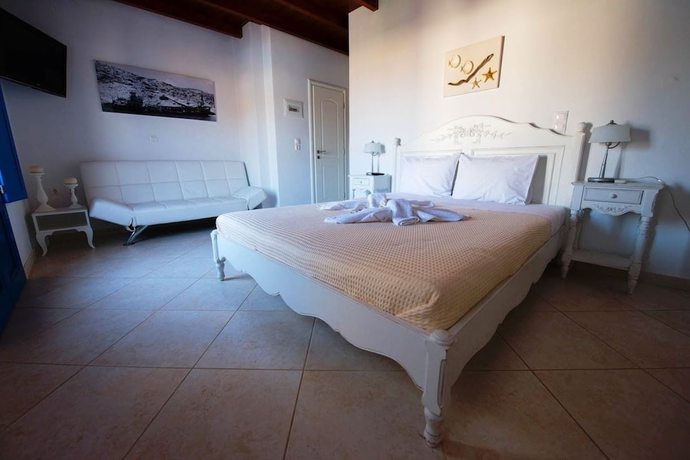 Imagen de la habitación del Hotel Amorgion Hotel. Foto 15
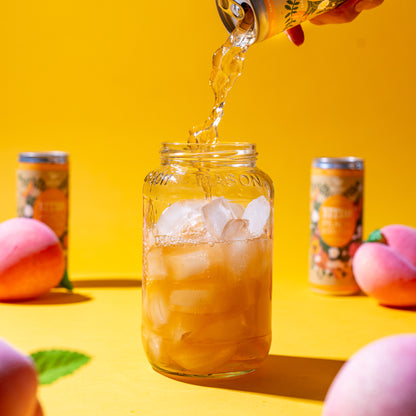 Raposa Nitro Peach Iced Tea poured over ice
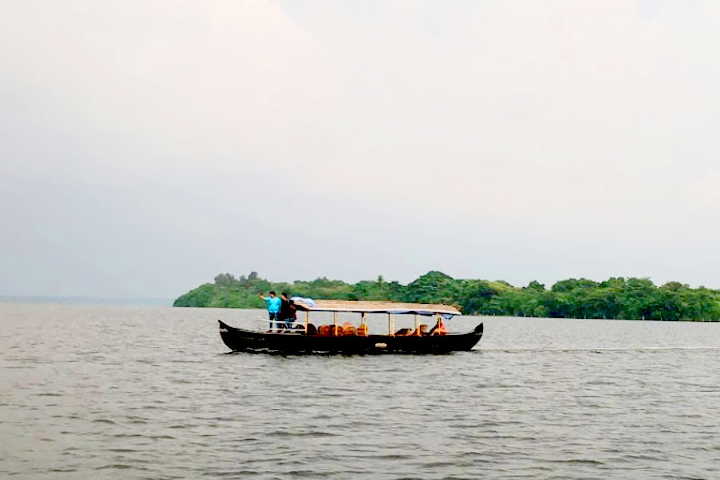 Pathiramanal: the backwater island in Alleppey for Shikara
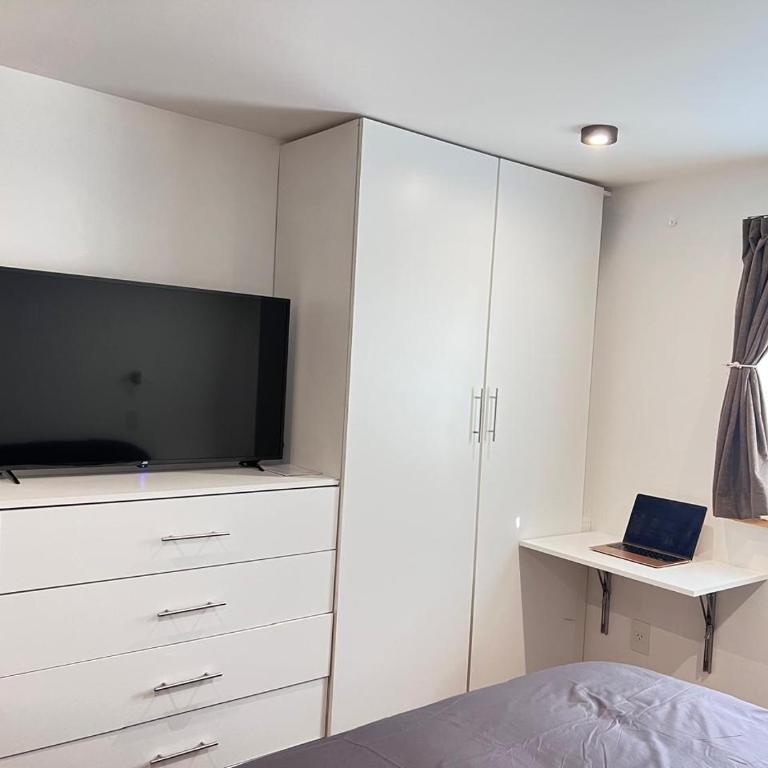 Tranquila y moderna en el bosque - Two-Bedroom House - 12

Instructions for the task
Repeat the listing verbatim, pictures excluded.

Answer box
 Imagen de la habitación del Hotel Amorgion Hotel. Foto 15
 Raposa Nitro Peach Iced Tea poured over ice
 Pathiramanal: the backwater island in Alleppey for Shikara
 Tranquila y moderna en el bosque - Two-Bedroom House - 12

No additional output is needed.